The
subject of bees takes up but little space in law. The old law
writers, the men who really laid down the basic principles of
our law during its formative period, classified bees in a few
brief paragraphs, yet they seem to have covered the subject as
fully as was necessary at the time at which they wrote.
As to legal opinions handed down in cases that have been adjudicated
by a court of last resort, and which opinions form the bulk of
our law of today, those pertaining to bees are very meager in
volume. There have been, no doubt, many cases in the minor courts,
but the decisions in such cases are binding only on the courts
that decided them, and then only where there is a lack of higher
authority. It matters not how much was involved in a case nor
how ably it was presented and argued, nor how ably it was presented
and argued, nor how learned and scholarly was the opinion handed
down by the trail judge, nor what the verdict of the jury was,
provided it was a jury case; unless the case was appealed to
a court of last resort the decision is not available law. For
it is only the decisions that have been handed down in cases
that have been appealed to a court of last resort that are published,
and available to the lawyers and the courts in general and can
be considered as law by them.
GENERAL PRINCIPLES OF LAW PERTAINING TO BEES.
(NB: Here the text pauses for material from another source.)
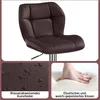 A collage showing a brown bar stool and close-ups of its material and cushioning. Produktbild-Vorschau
But the fact that but little litigation concerning bees has reached
the courts of last resort does not mean that the laws governing
bees and their keeping was in an undetermined state. Law deals
primarily with principles; the subject matter is secondary. To
ascertain what the law is in a given instance, all that is really
necessary to do is to apply an established principle of law to
the facts in the case. For example, to steal the property of
another person is larceny, and it matters not whether the subject
matter stolen be an automobile, a caged lion, an earoplane, or
a hive of bees, as it is the act that constitutes the offense.
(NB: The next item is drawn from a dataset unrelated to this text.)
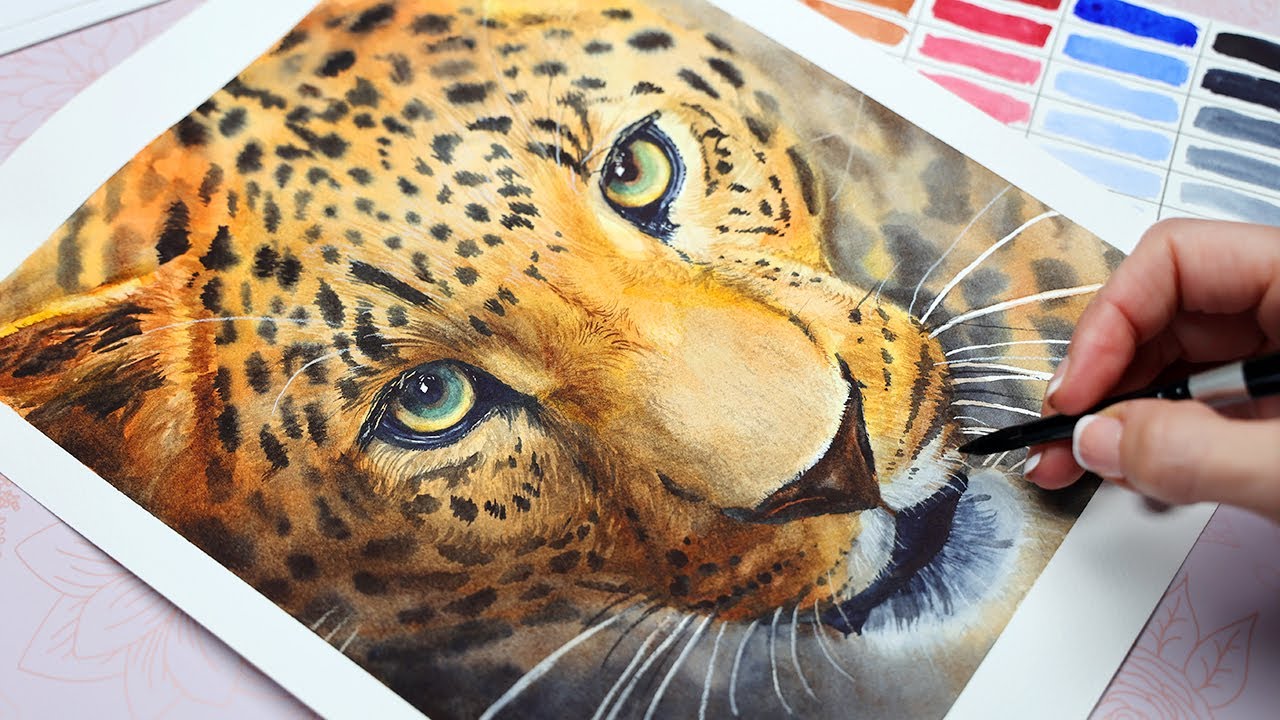 How to Paint a Realistic Leopard in Watercolor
The law as laid down by Blackstone and other law writers of his
time and of times prior is briefly as follows:
That bees are wild by nature; therefore, tho they swarm upon
your tree they are not yours until you have hived them, any more
than the birds that have their nests in your trees or the rabbits
that run wild thru your fields. But when they have been hived
by you they are your property the same as any other wild animal
that you may have reduced to possession. Animals that are wild
by nature and have been captured by you, should they escape,
you still have a right in them if you follow them with the idea
of recovery. A swarm of bees that has left your hive continues
to be yours so long as you can keep them in sight and under any
probability of recovery; 2 Blackstone Com. 392; Coopers Justinian
Inst. Lib. 2, tit. 1, No. 14; Wood's Civil Law, bk. 2, chap.
3, p. 103; Domat's Civil Law, vol. 1, bk. 3, pt. 1, Subd. 7,
No. 2133; Puffendorf's Law of Nature, 4, chap. 6, No. 5; Code
Napoleon No. 524; Bracton's Law, 2, chap. 1, No. 3; and see notes
in 40 L. R. A. 687; 62 L. R. A. 133.
During the early development of our Eastern States the general
principle of law relative to ownership of bees was adjudicated
in a number of cases. The questions raised and the decisions
rendered are briefly as follows; Where bees have escaped and
so properly may be considered as wild bees and without any owner
at the time of their discovery, it has been held that such bees
in a tree belong to the owner of the soil where the tree stands.
Merrills vs. Goodwin, 1 Root 209; Ferguson vs, Miller, 1 Cow.
243; 13 Am. Dec. 519; Goff vs. Kilts, 15 Wend. 550.
That bees are ferae naturae, that is, wild by nature,
but when hived and reclaimed may be a subject of ownership. State
vs. Murpy, 8 Blackf. 498; Gillet vs. Mason, 7 Johns. 16; Rexroth
vs. Coon, 15 R. I. 35; 23 Atl. 37.
But the finding of a swarm of bees in a tree on the land of another,
marking the tree and notifying the owner of the land does not
give the finder such property in the honey as will entitle him
to maintain trover for the honey. Fisher vs. Steward, Smith 60.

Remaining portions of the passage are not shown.